Optical efficiency of the silicon solar cell.

Fig. 3. Optical efficiency of the silicon solar cell.


Figure 4

Fresnel lens associated to pyramid.

Fig. 4. Fresnel lens associated to pyramid.


3.2. CPV system

The first CPV systems under study is based on a circular flat Fresnel lens with a diameter of 350 mm and a focal length of 265 mm, the Fresnel lens is associated to a refractive pyramid with the following dimensions: the length H = 48 mm, its input aperture of 15.05×15.05 mm2 and the output opening of 10×10 mm2. The geometrical concentration system is generally defined as the ratio of the input aperture (determined by primary lens diameter) and the optics output area (determined by the cell diameter), resulting a geometrical concentration ratio of 1000X.

The  material used for manufacturing the Fresnel lens is Polymethyl methacrylate (PMMA,  n=1.49)  and B270 as material for the refractive pyramid knowing by its high transmission, allows a high impact resistance, provides  light diffusion and reduces the hot spots. The simulations are performed by the ray-tracing Trace-Pro software with an incident flux of 1000 W/m2 including wavelength from 0.4 to 1.4µm.

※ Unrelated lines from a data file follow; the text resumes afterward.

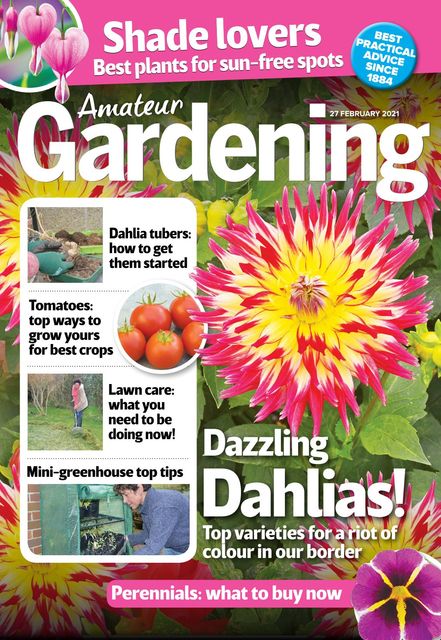 Gardening 2021 02 23 - Annual Bedding Plant Crossword Clue Gardening 2021 02 23 - Annual Bedding Plant Crossword Clue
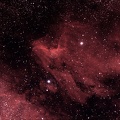 IC 5070 : Le Pélican. Nébuleuse en émission dans la constellation du Cygne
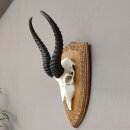 Springbock Antilope Trophäe Schädeltrophäe auf Trophäenschild HL 33,5 cm Deko taxidermy #88.6.53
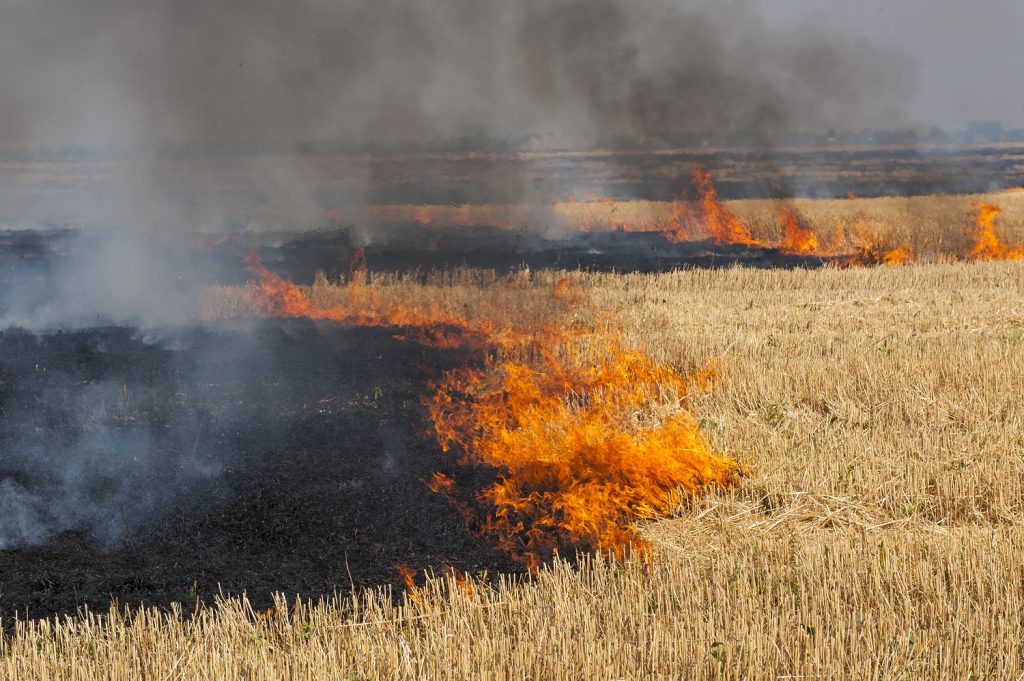 Resultat af tørken: Fem gange så mange naturbrande som normalt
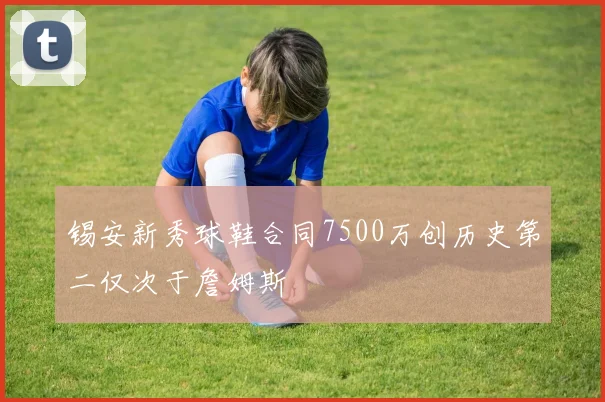 锡安新秀球鞋合同7500万创历史第二仅次于詹姆斯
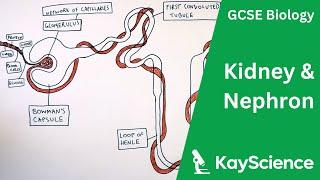 The Kidney & Nephron - GCSE Biology  kayscience.com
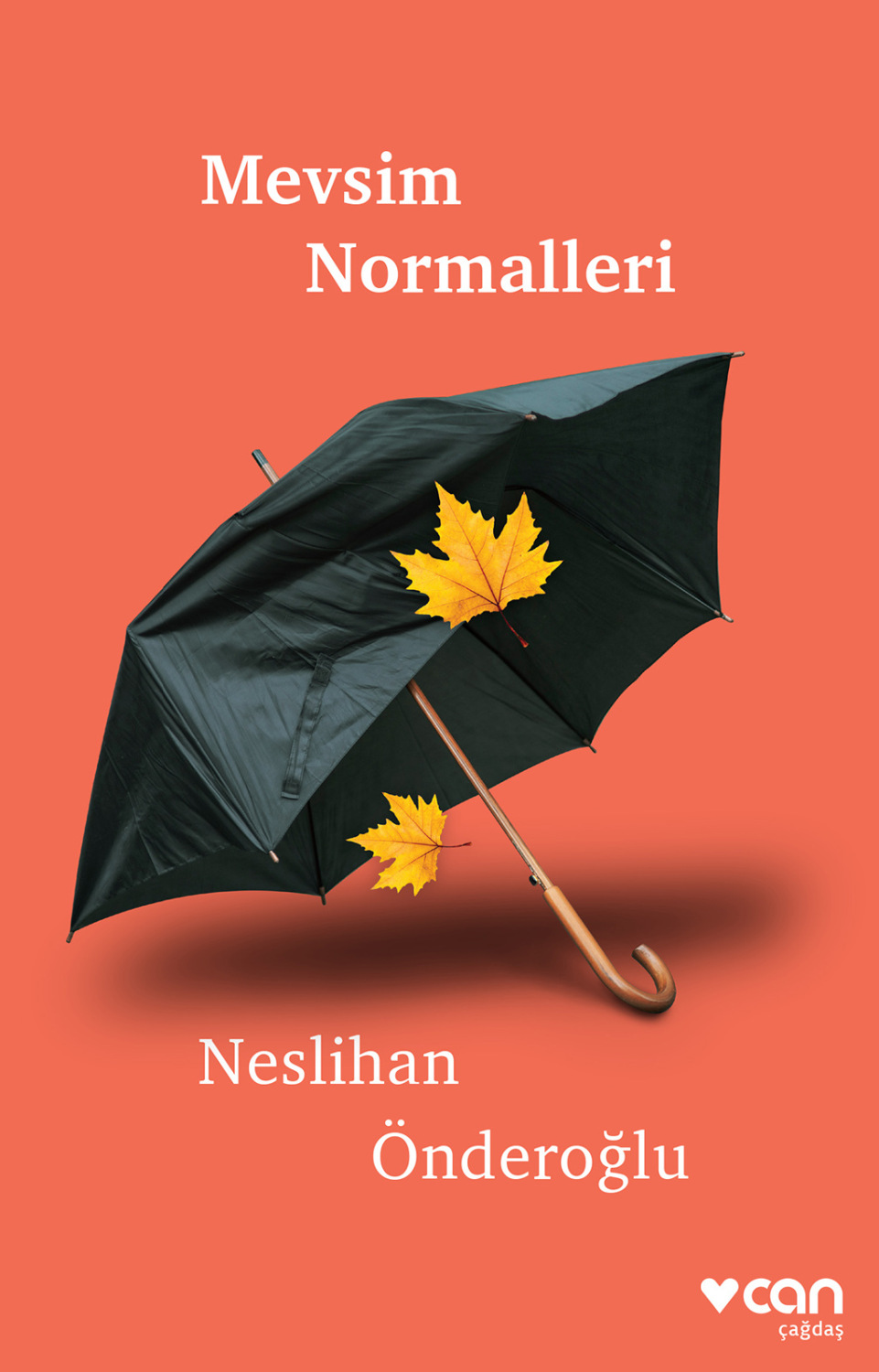 Обложка книги «Mevsim Normalleri»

Usually, in addition to direct radiation coming with normal incidence (0°), exists also some diffuse radiations which have a different tilt angles. In this test, we are trying to test our system by including direct radiation and diffuse light. Investigating the incident angle effect on the optical efficiency of this system is an important step in the optical design improvement. Figure 5 illustrates the optical efficiency evolution of this CPV system, defined by the ratio between the flux at the entrance of the Fresnel lens and the exit of the SOE. The optical efficiency at the pyramid exit reached 94% (760 W/m2) at 0°, but this efficiency decreases if the sun's rays arrive with a tilt ±0°. For example, all rays coming with an incident angle of θ = ~1.3°, the optical efficiency dropped to 50%.  This is caused by a part of sun rays that don't reach the pyramid and spread away around it from the incident angle of 1.2 °, as shown in Fig. 6. That is also clear in Fig. 7, the flux distributed on the whole pyramid exit at incidence angle of 0°, but for 1.2°, we can see that the flux is distributed over part of pyramid output (from -5 to 1 mm). Concerning the incidence angle of 2°, just some rays with a low intensity reach the pyramid exit. We observe also that under normal light incidence, the flux density is centered around 11×105 W/m2 with some small variations, on the other hand, the rays which come with an angle of incidence greater than 0 °, the intensity decreases and the oscillations are stronger.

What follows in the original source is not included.